Author and Poet Janisse Ray Visits Lander University

April 18, 2022

While admitting that front-end research is an important part of the writing process, author and poet Janisse Ray insists that statistics alone aren’t what change a reader’s mind.

Ray, who is based in Savannah, Ga., told an audience at Lander University Wednesday, Apr. 6, that what matters most is developing a sense of trust with her readers. “I do research,” she said, “but it is a minor part of what I do.” Instead, when Ray is out in nature, the notes she takes are meant to help her capture the natural world that surrounds her so that her writing can channel those experiences in nature to her readers.

“I have to open my heart wide enough to reach out and grab your heart,” Ray said. “You have to trust me.”

Ray first came to prominence with her New York Times notable memoir, Ecology of a Cracker Child, published in 1999. Since then, Ray has published seven other books, including her most recent book, Wild Spectacle,which came out in October of last year and was the subject of her visit to Lander. Her work, which according to Ray “explores the borderland between nature and culture,” has earned her a spot in the Georgia Writers Hall of Fame, as well as several awards. Among them are an American Book Award, Pushcart Prize, Southern Bookseller Award and the Southern Environmental Law Center Writing Award, to name just a few.

As part of her visit to campus, Ray also spoke to some of Lander’s creative writing classes, discussing her craft with Lander students, allowing them to ask questions, and leading them through writing exercises. Many of those same students were also in attendance later that evening for Ray’s reading. “It can be easy when we are passionate about something to want to lecture, but it’s through beauty and vulnerability that we create the possibility of real change,” said Laura Martin, assistant professor of English at Lander University. “This is what Janisse does so well and what she teaches others to do. When she visited my creative nonfiction class, she guided the students through the development of vivid scenes rich with detail. She also helped them write about the connections between their own experiences and the community, country and ecosystem.”

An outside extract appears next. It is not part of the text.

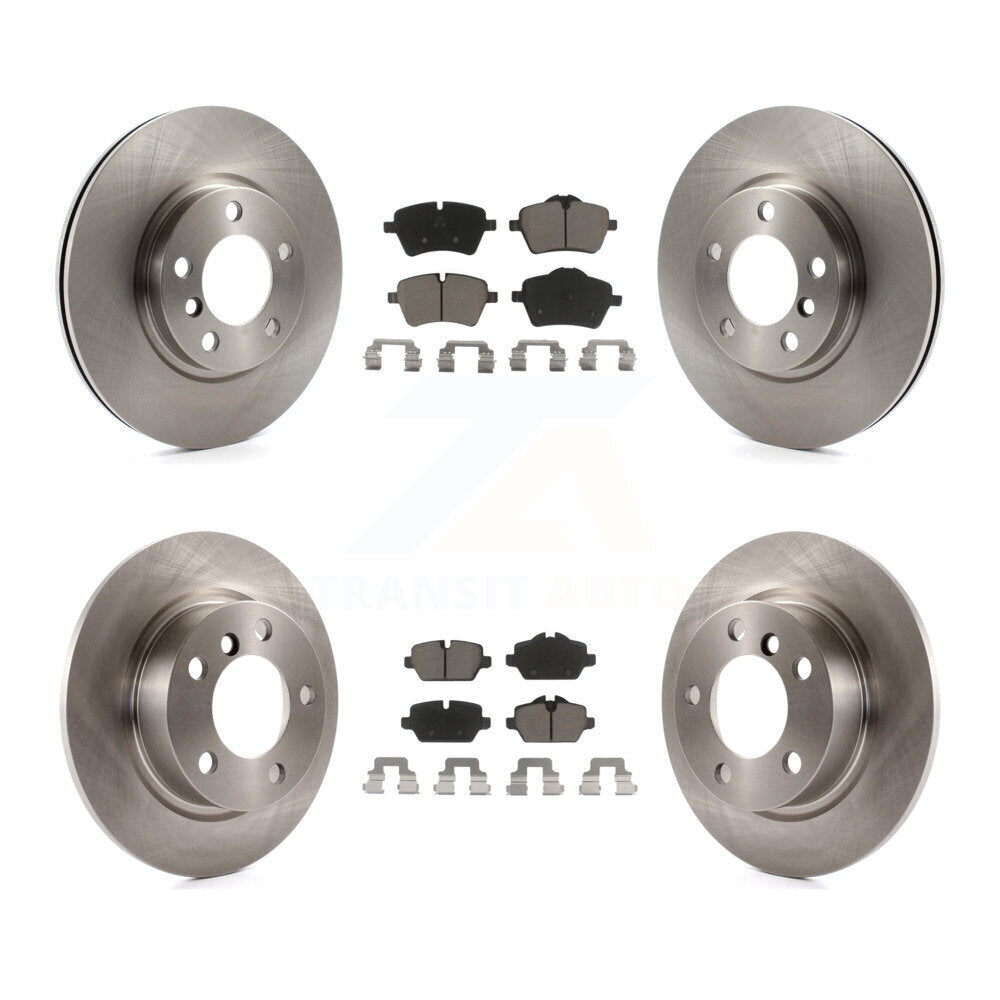 CMX K8C-101442 Disc Brake Kit for 2011-2015 Mini Cooper Paceman, Mini Cooper Countryman - Front and Rear product image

Members of the audience at Ray’s reading wanted to know how she is able to elegantly express in her writings the grief she feels in relation to environmental issues. She shared with the crowd a word to describe it: “solastalgia,” the emotional or existential distress one feels as a result of environmental change. “I think most of us suffer from reactive attachment disorder,” Ray said, a condition that prevents a child from forming healthy emotional bonds with their caregivers and one that Ray is familiar with through a family member. “We have not been allowed to attach to our mother, who is mother earth,” she said.

But Ray also insists that her work is meant to inspire hope amidst the environmental challenges she sees facing our world. “Everywhere I go, people ask me if I’m hopeful, how I stay hopeful, how I become hopeful,” Ray said, though she thinks that is the wrong question to ask. “There is this assumption that the opposite of hope is hopelessness.”

“I don’t think that we should be overcome by grief,” she continued, “and I don’t think that we should be overcome by hopelessness because I think the true answer is in love.” For Ray, writing from a place of love for the earth and sharing that love with her audience is the best way to inspire others to change the world.

“I cry,” she said. “I grieve about things, I write out my grief… but I really just try to love harder and harder.”